**Task details:** From the listing that follows, reproduce only the lines from the one holding "Nike Air Jordan 1 Retro Hight OG" through the one holding "Motocicletas Grises Gen2", both included, with no pictures.

**Study material:**

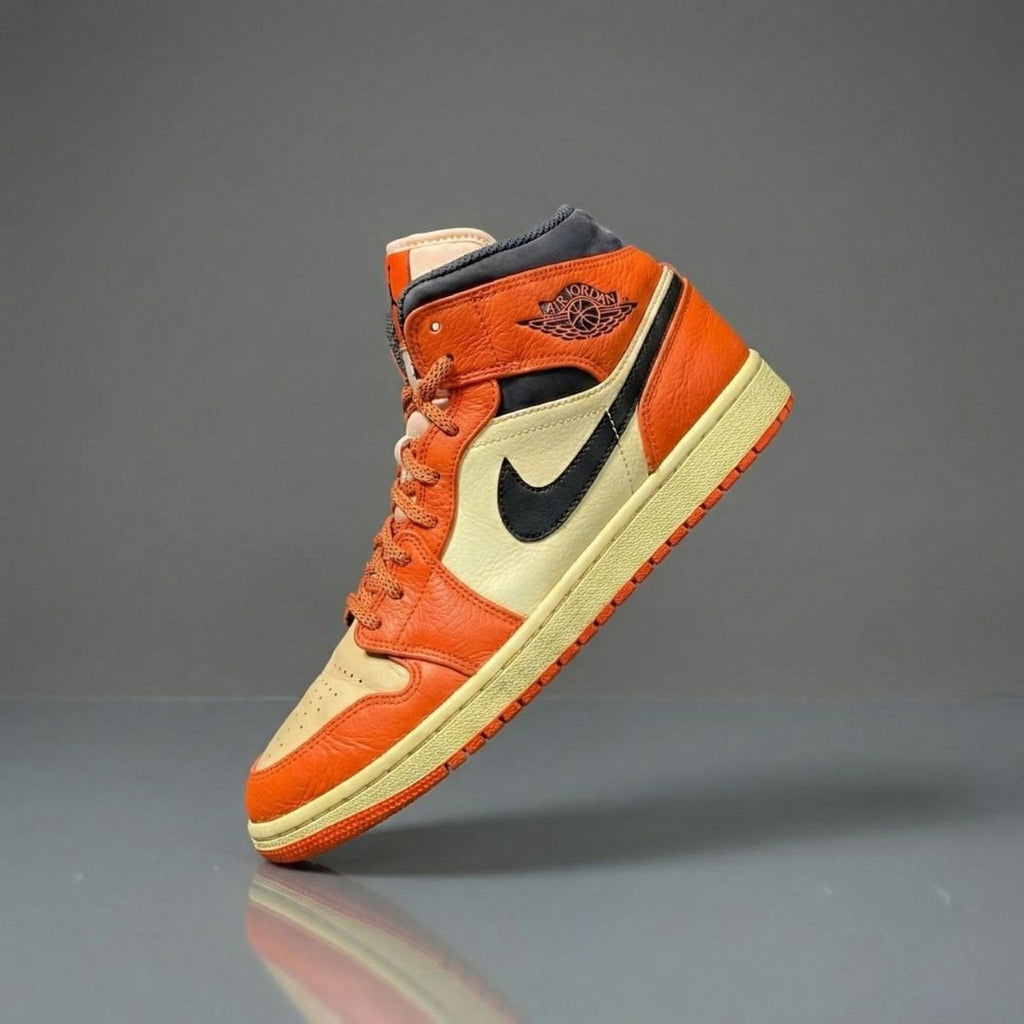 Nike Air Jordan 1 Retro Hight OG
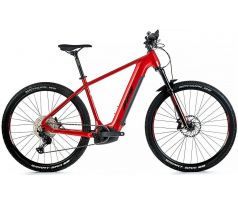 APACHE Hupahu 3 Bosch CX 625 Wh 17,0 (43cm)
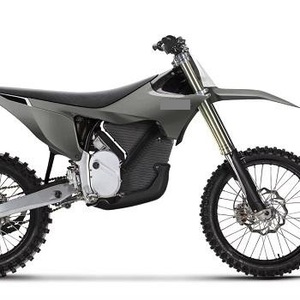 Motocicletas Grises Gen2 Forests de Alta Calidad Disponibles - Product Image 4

...

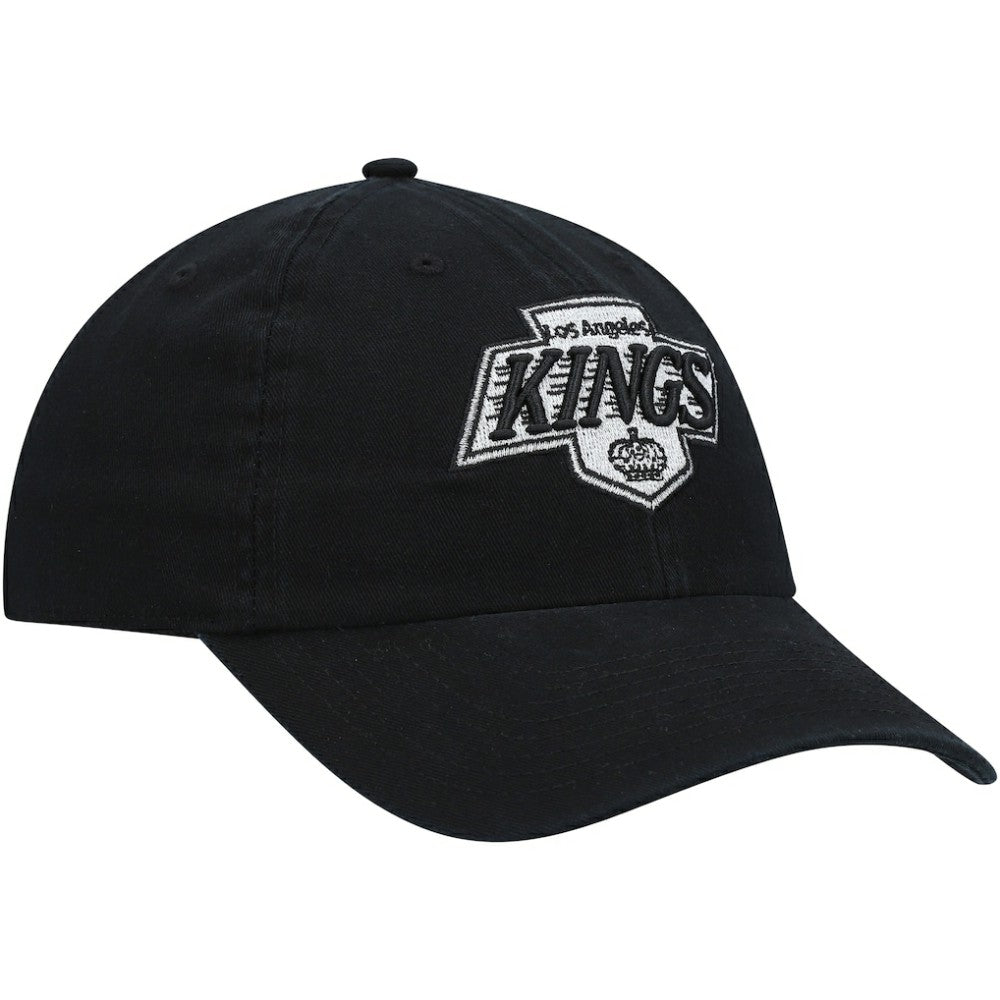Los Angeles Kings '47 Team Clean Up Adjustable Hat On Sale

...

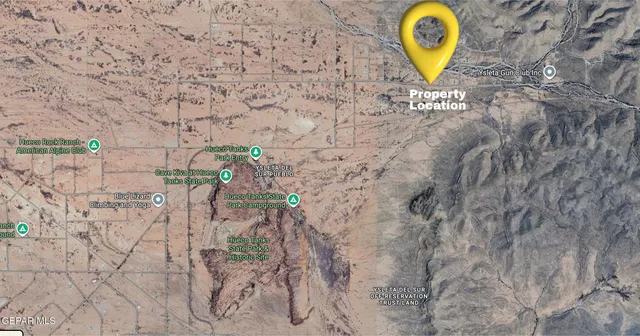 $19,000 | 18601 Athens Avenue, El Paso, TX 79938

**Task solution:**
 Nike Air Jordan 1 Retro Hight OG
 APACHE Hupahu 3 Bosch CX 625 Wh 17,0 (43cm)
 Motocicletas Grises Gen2 Forests de Alta Calidad Disponibles - Product Image 4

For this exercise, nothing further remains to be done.